As a review: 9/11 happened because of poor airport and airline security; poor visa control and agencies like the NSA having a raft of clues something was up but not communicating that correctly to national security decision-makers. The nation-building nonsense of OUD 1 and 2 ate up a lot of resources best used elsewhere.

On a side note, (get this) we need the F-35 STOVL because the Harrier is crucial to fighting terrorism. Can it get more silly?

Many news sources have given Panetta a free pass with the F-35B probation story. The lifting of F-35B probation isn't unlike giving false hope to a terminally ill patient.

9 comments:

nico said...

Great news, the JSF can (almost) fly at night, -B is off probation (what ever that means), it's years ahead of Su37 and Burbage assured us that -C will be able to land on a carrier.

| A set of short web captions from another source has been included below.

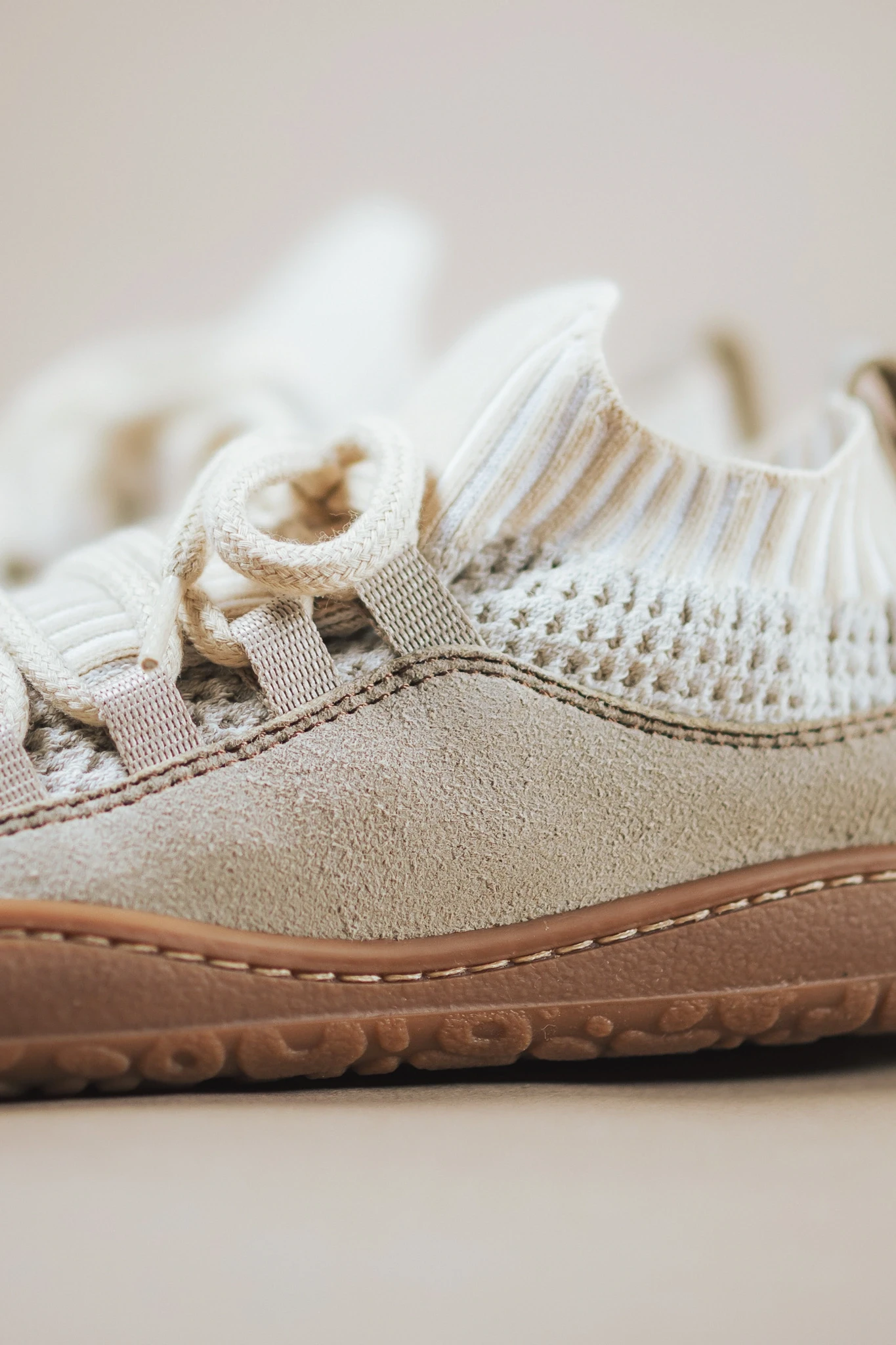Босоногие кроссовки Sambas the bambas Essence Cloud — молочные, фото 4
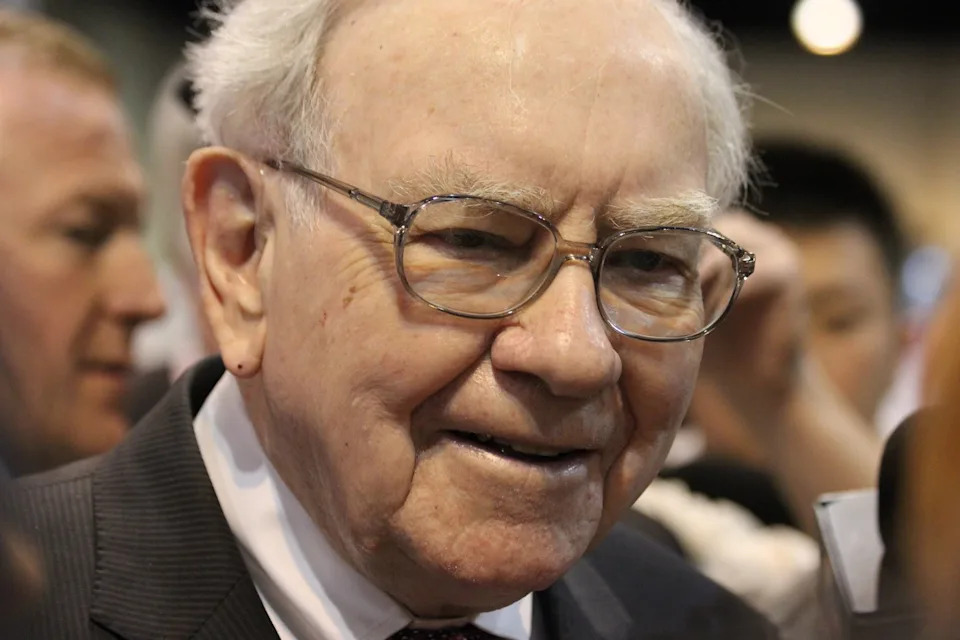 Warren Buffett Might Not Own These Artificial Intelligence (AI) Stocks -- but Their Fundamentals Check Out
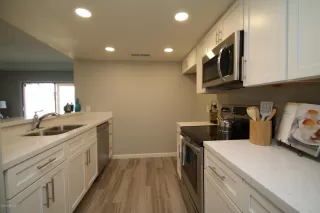 Photo #6: 6064843 Listing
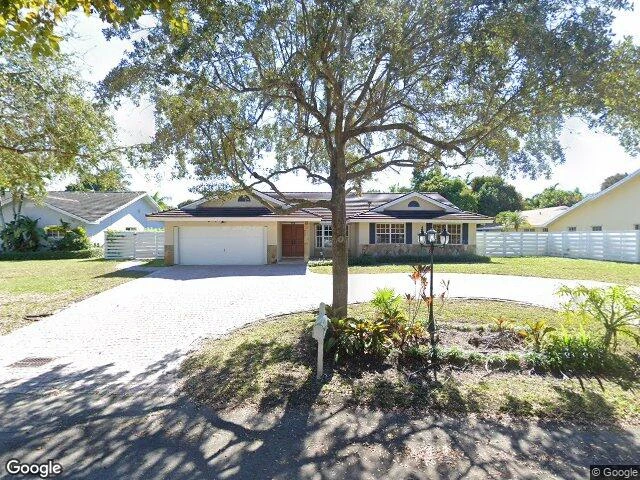 House image located at Miami, FL 33196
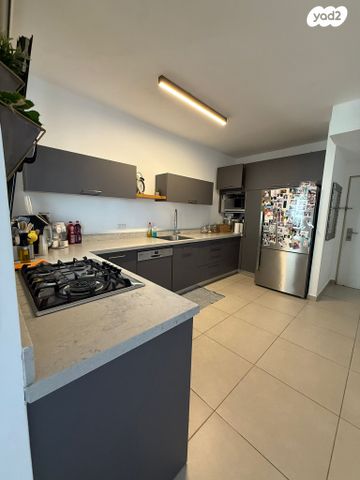 דירה, שייקה אופיר 10, ראש העין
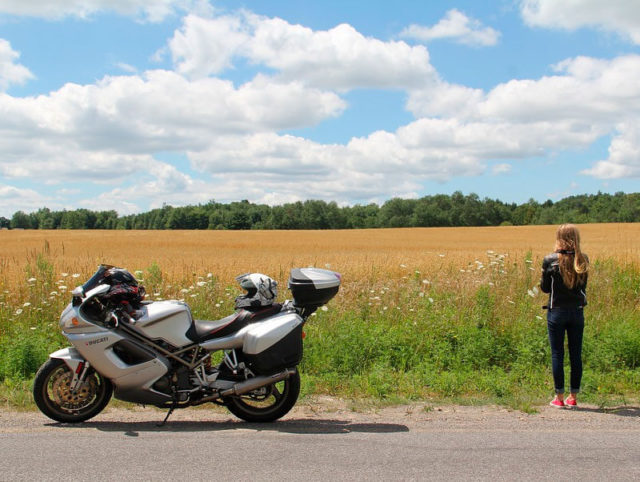 Consejos para tu primer viaje de larga distancia en moto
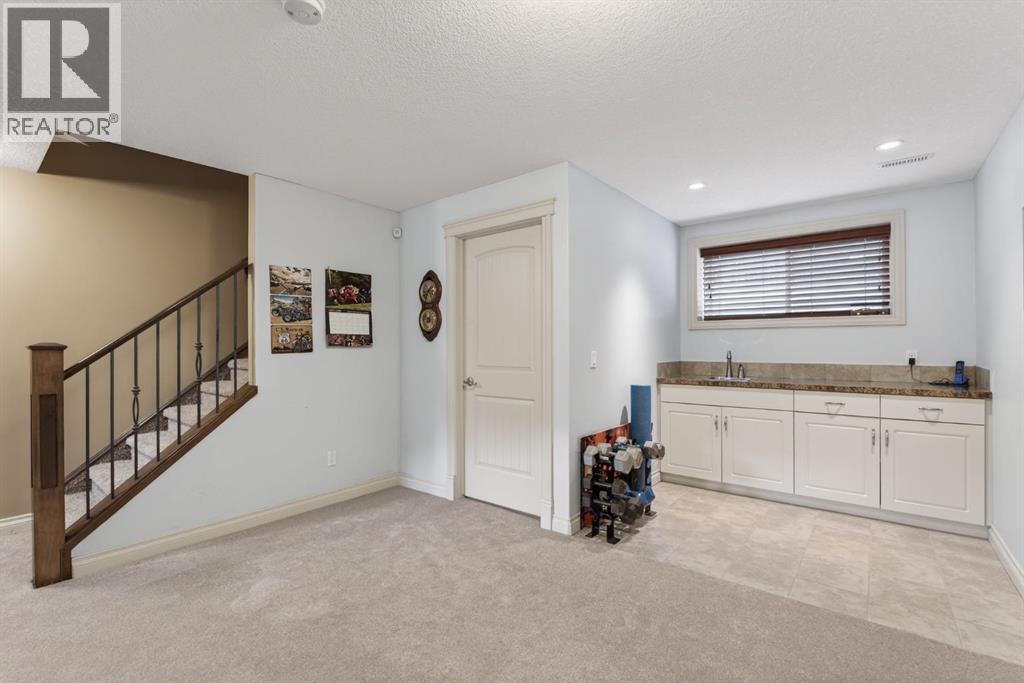 2 Ranchers Green, Okotoks, Alberta  T1S 0G6 - Photo 32 - A2311245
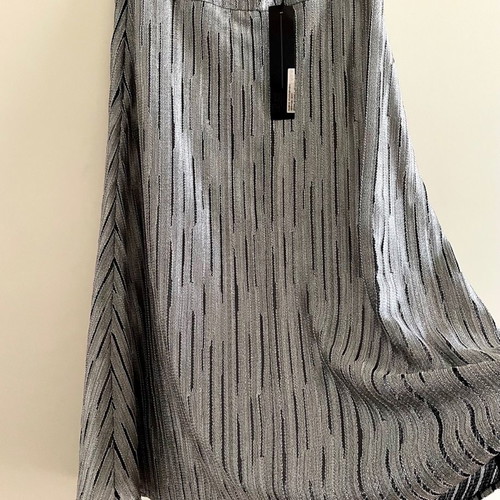 Lotus Eaters knitted silver metallic skirt new, size Small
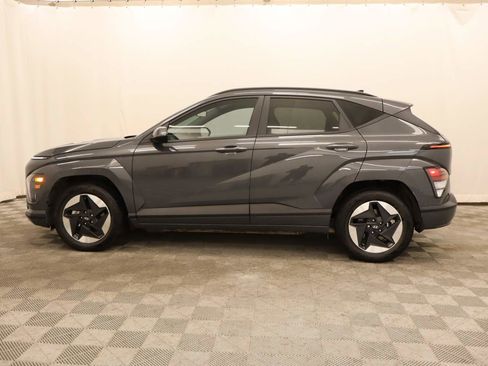 Used 2025 Hyundai Kona SEL image 2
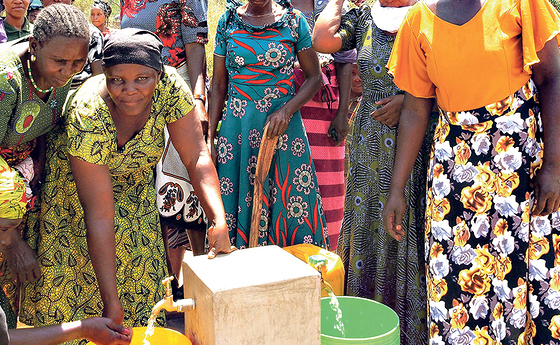 Ein Brunnen versorgt 500 bis 1.000 Menschen mit sauberem Trinkwasser.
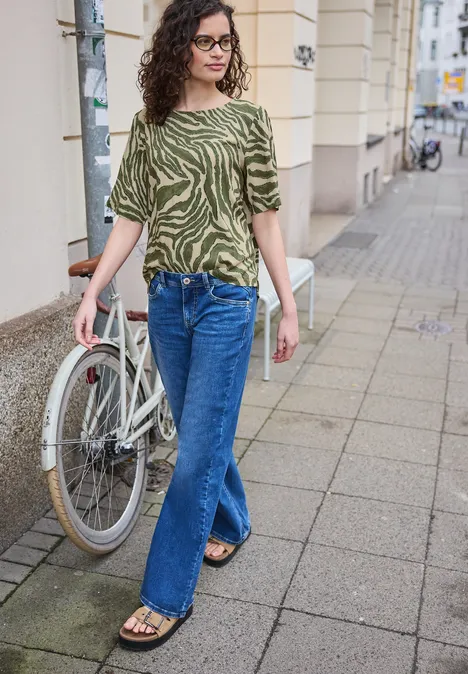 Kurzarm Bluse mit Rundhals und Print Lichen Green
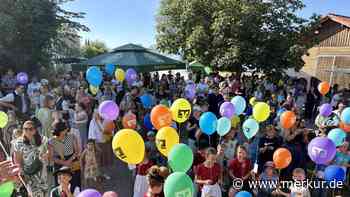 1000 Besucher bei Jubiläums-Sommerparty: Viele Familien feiern mit – Gänsehaut-Moment bei Gesangseinlage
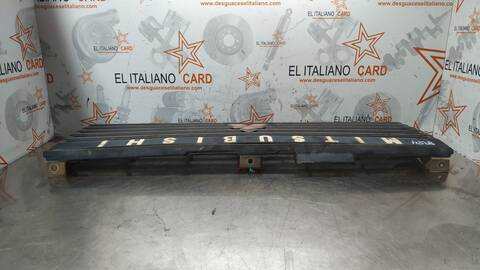 Foto 3ª: Rejilla Delantera Mitsubishi Montero 2500 TD 2-PTAS.) 84CV 62KW [D-4D56] (1988)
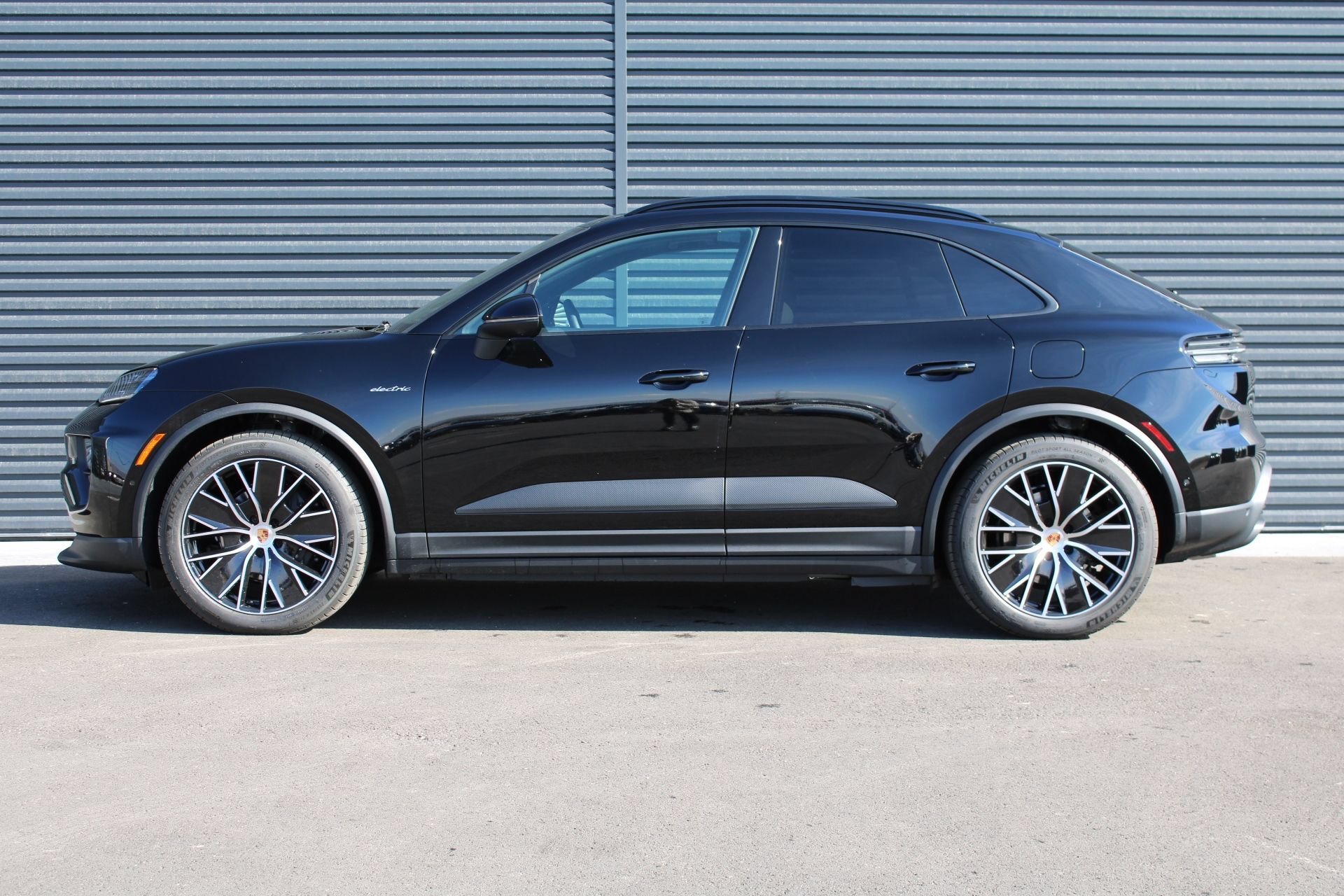 New 2026 Porsche Macan 4 Electric AWD/4WD image 2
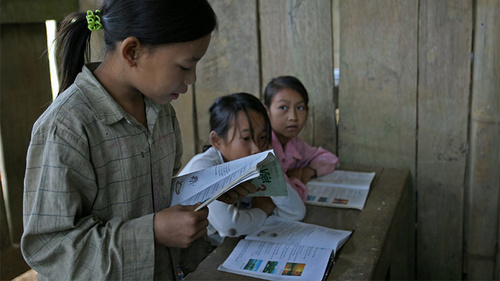 giu-nguyen-gia-sgk-in-them-khuyen-cao-tiet-kiem-danh-cho-hs-lop-sau_500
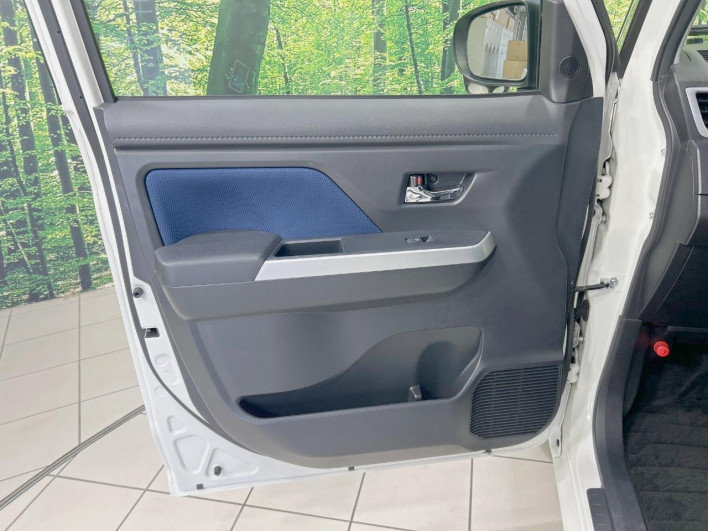 2017 Daihatsu Toll DBA-M900S (UW-6a2b78b14a7ba)[23]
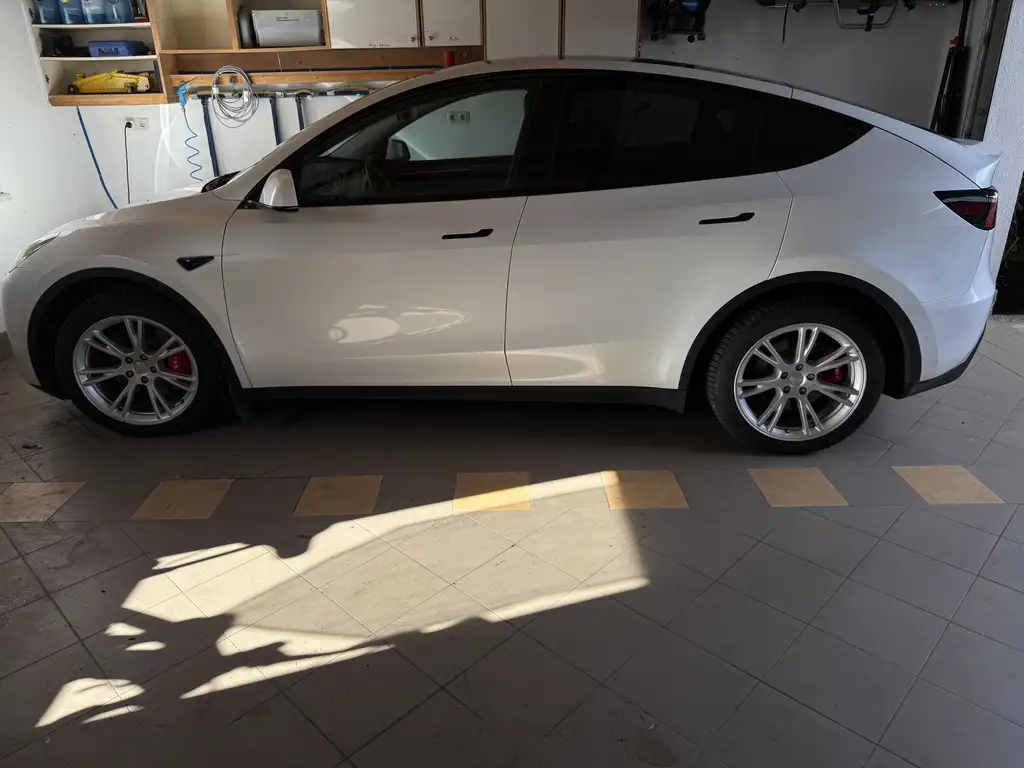 Tesla Model Y Long Range AWD 75kWh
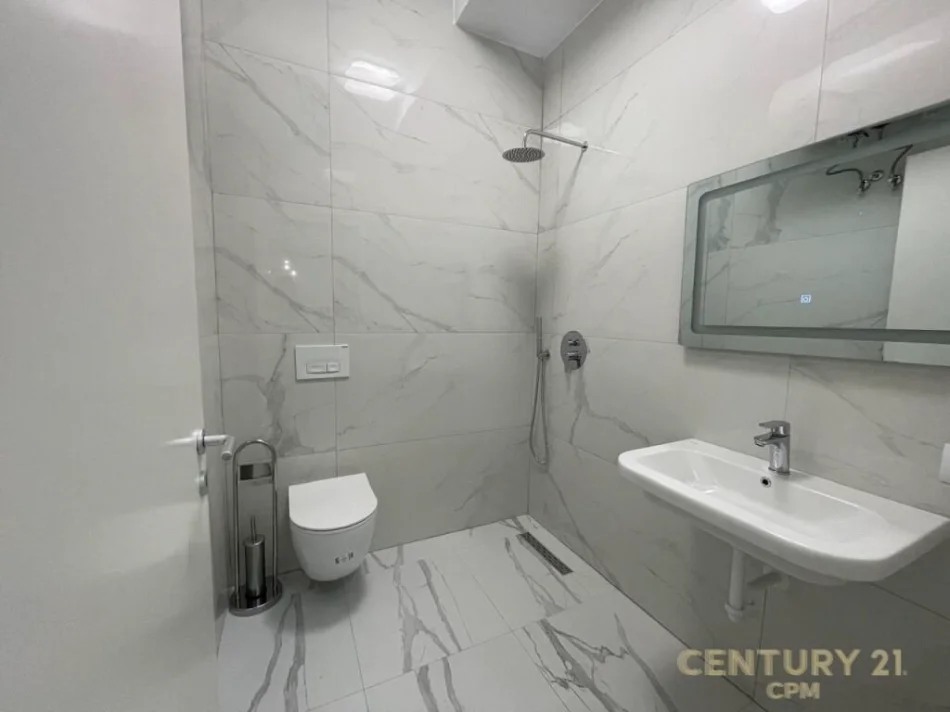 Tirane, jepet me qera apartament 2+1+Ballkon Kati 5, 100 m² 650 € (siri kodra 2)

I guess Eric you can close shop now. :)

Canuck Fighter said...

I get the feeling that there clearly is a group of military officials who want the 35B to continue despite it's issues. In an ironic way the 35B model is the one model that has no fall back. 35A models can be replaced by many an alternative 4.5-4.75G plan. I think C models will be DOA sooner rather than later, as the Navy will likely see UAV strike aircraft as the real way to pave a 1st wave attack, along with Arleigh Burke vertical launch systems and Ohio class "capital" subs with 154 TLAMs each. F-18 supers with the new enhancement options will be more than capable for CAP and 2nd tier strike for years to come.

I totally agree with ELP that money spent on over priced projects detracts from others and ultimately quickens the loss of real power of the military. Examples of this can be found throughout history. The Royal Navy stuck on pre-WW2 Battleships is a classic example.
One can find many an article talking about how the 35B deployed on Gator carriers will up Americas carrier force to 20+ flat tops. This is surely an overly expensive way to replenish Harrier aircraft on smaller flat tops given that there is only a market for several hundred at best. The UK already moving to CATOBAR for their QE carriers.

Regardless of Panetta's announcement today, budget reality will catch up to the US DOD in 2012 and beyond, and one by one overly expensive programs burning money will be eliminated or severely diminished. xturi

Anders said...

Of topic...

SAAB has offered Sweden 100 Gripen E/F (uppgrades and new), price: Sek 32-33 billion /$ 4,7-4,8 billion with an in-sevice date of 2020.

Sounds like a nice deal for a little country! But with a defence budget at aprox. Sek 47 billion/$ 5,4 billion... who knows?

Anonymous said...

PAK FA is much better than F-35.

In the end, U.S. will reproduce F-22.

Consequently, F-35 might fall in a Death Spiral.

Thanks Eric, for such a good information~!:-)

Arrow RL206 said...

Anders: How many upgrades vs new builds for the Gripen E/F? Any breakdown of cost/unit for each?

Anders said...

Unknown: Unknown, SAAB releses no information. Mostly due to the fact that there is no RFI at the present.

Anonymous said...

Eric...sometimes the glass can be half-full. Smile once in a while buddy.

Cocidius said...

Panetta is making decisions driven by political necessities of an election year. The now huge amount of factual data indicating the many serious issues about the F-35B and the JSF Program as a whole are being ignored and will continue to be until the American political process plays out its regular 4 year cycle.

Politicians as a whole can best be summed up by this appropriate bit of wisdom!

http://www.despair.com/changediaper.html

Canuck Fighter said...

Agree on the election year, 4-year cycle.

I don't see anything major happening in 2012 until the election is settled. Jobs, Foreign policy, military, industry...lots of excuses for politicians to hold off for 12 months. LRIP numbers may be limited or slowed down but that's about it.